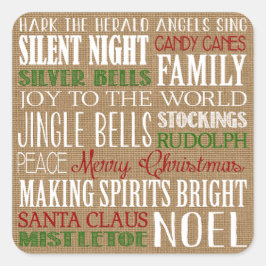 Burlap Typography Rustic Modern Helgdag Sticker Fyrkantigt Klistermärke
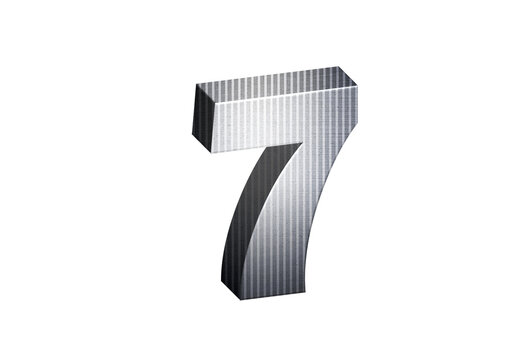 3d Steel Numbers, Alphabet Number Seven made of stainless steel material, high-resolution image of 3d font, ready to use for graphic design purposes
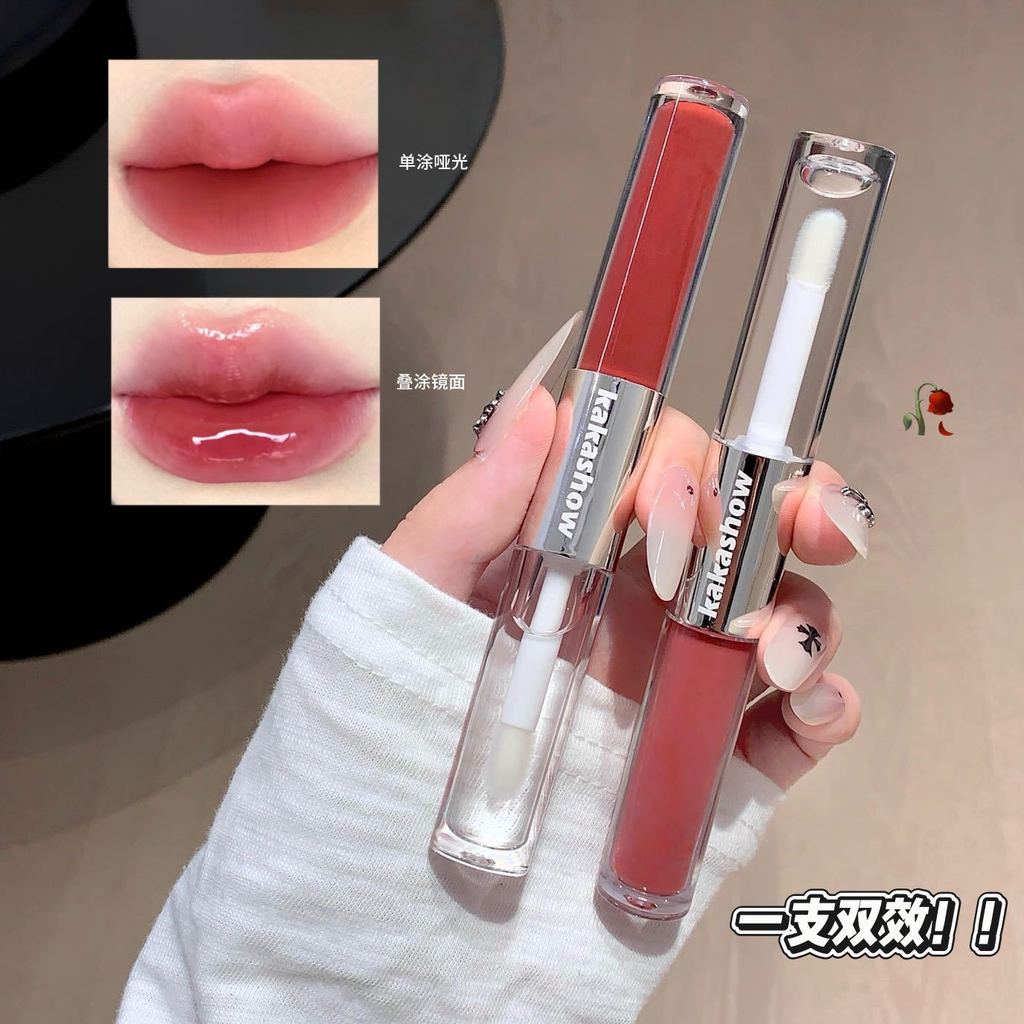 Kakashow 2 trong 1 Matte & Gloss Lip Tint Lychee Peach Rose Trà đen Guava Ballerina Son môi hai đầu 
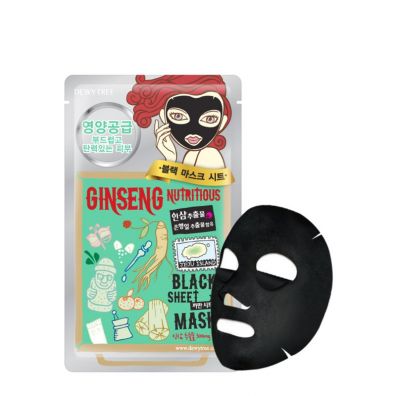 Dewytree Ginseng Nutritious Black Sheet Mask odywcza maska w pachcie z e-szeniem 30 g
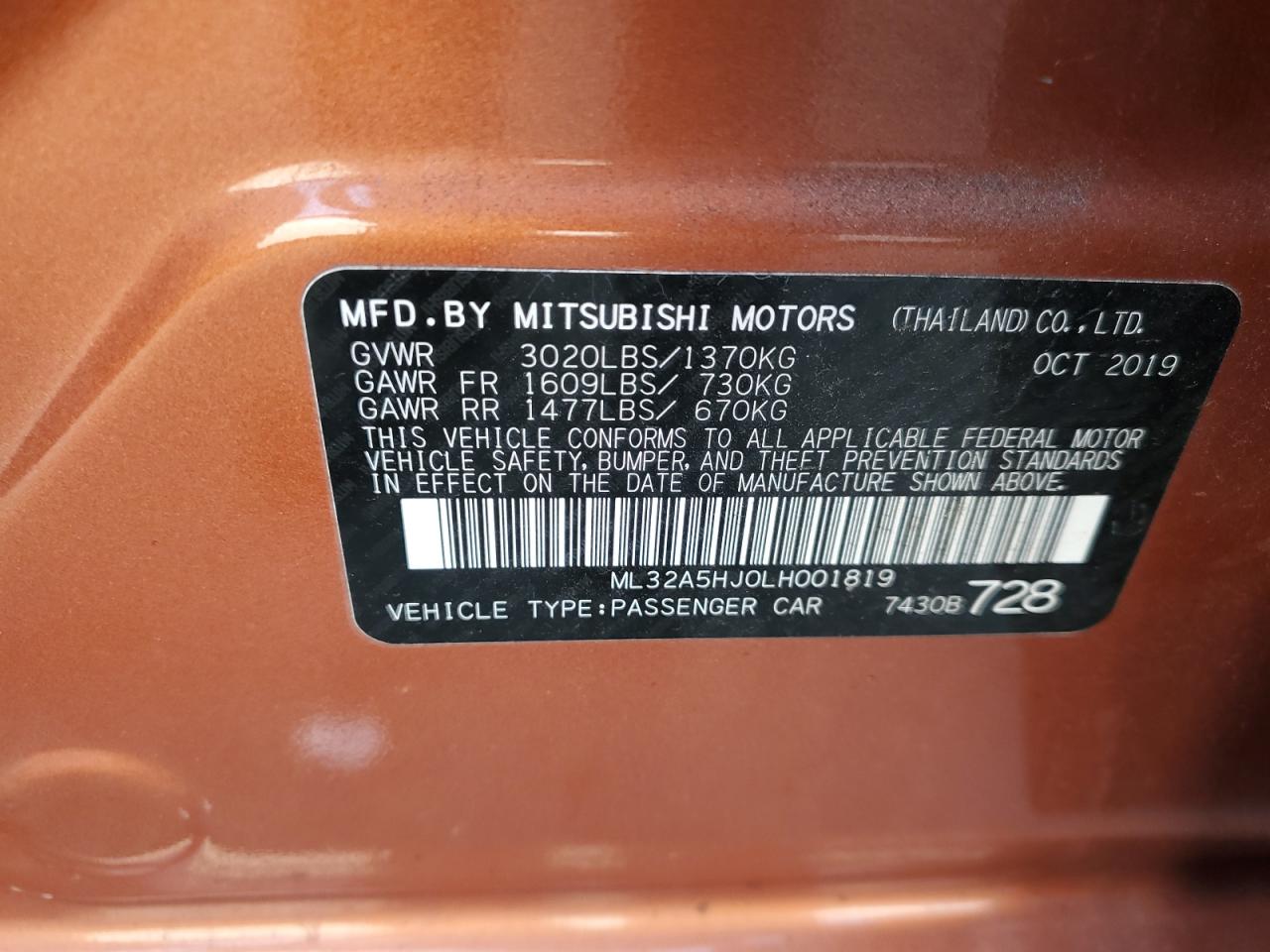 VIN ML32A5HJ0LH001819 2020 MITSUBISHI MIRAGE LE no.12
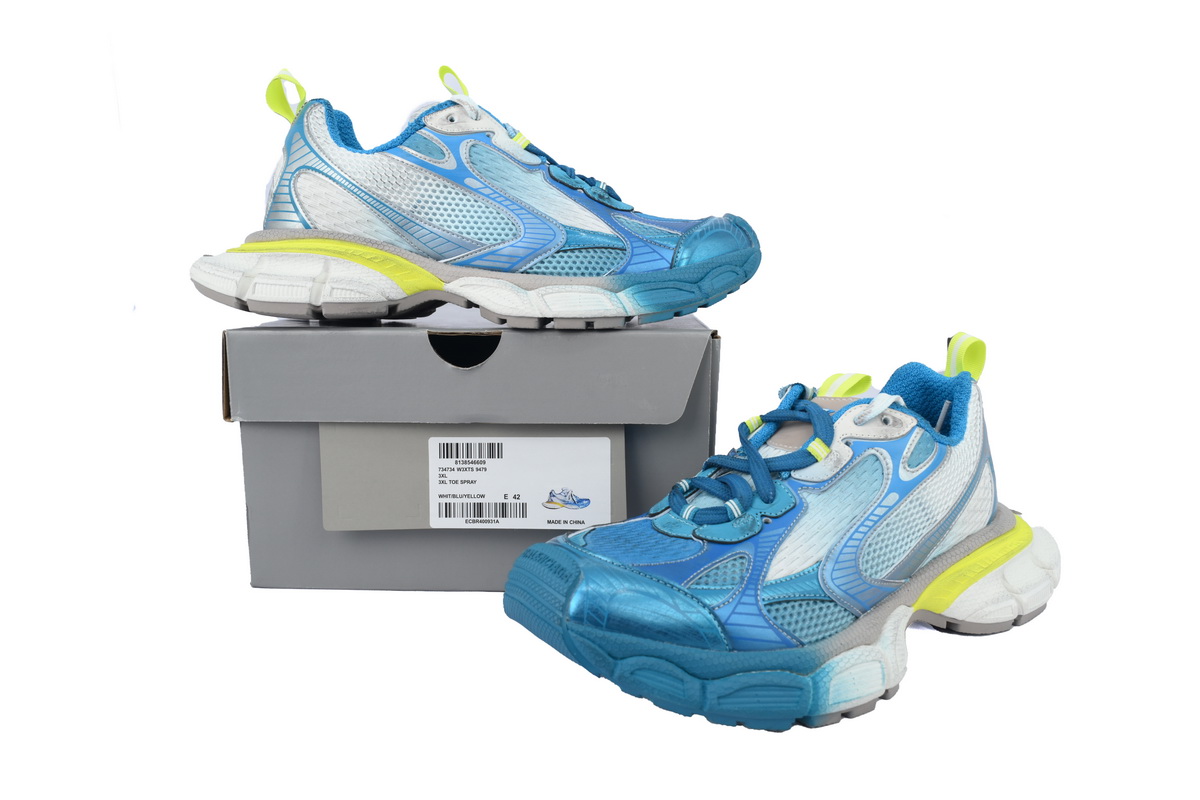 Balenciaga 3XL White Blue Yellow 734734 W3XTS 9479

________

# About this task
Repeat verbatim the lines from the one with "Dewytree Ginseng Nutritious" through the end of the listing above. Include both ends, add nothing, and exclude the pictures.

# Answer below
 Dewytree Ginseng Nutritious Black Sheet Mask odywcza maska w pachcie z e-szeniem 30 g
 VIN ML32A5HJ0LH001819 2020 MITSUBISHI MIRAGE LE no.12
 Balenciaga 3XL White Blue Yellow 734734 W3XTS 9479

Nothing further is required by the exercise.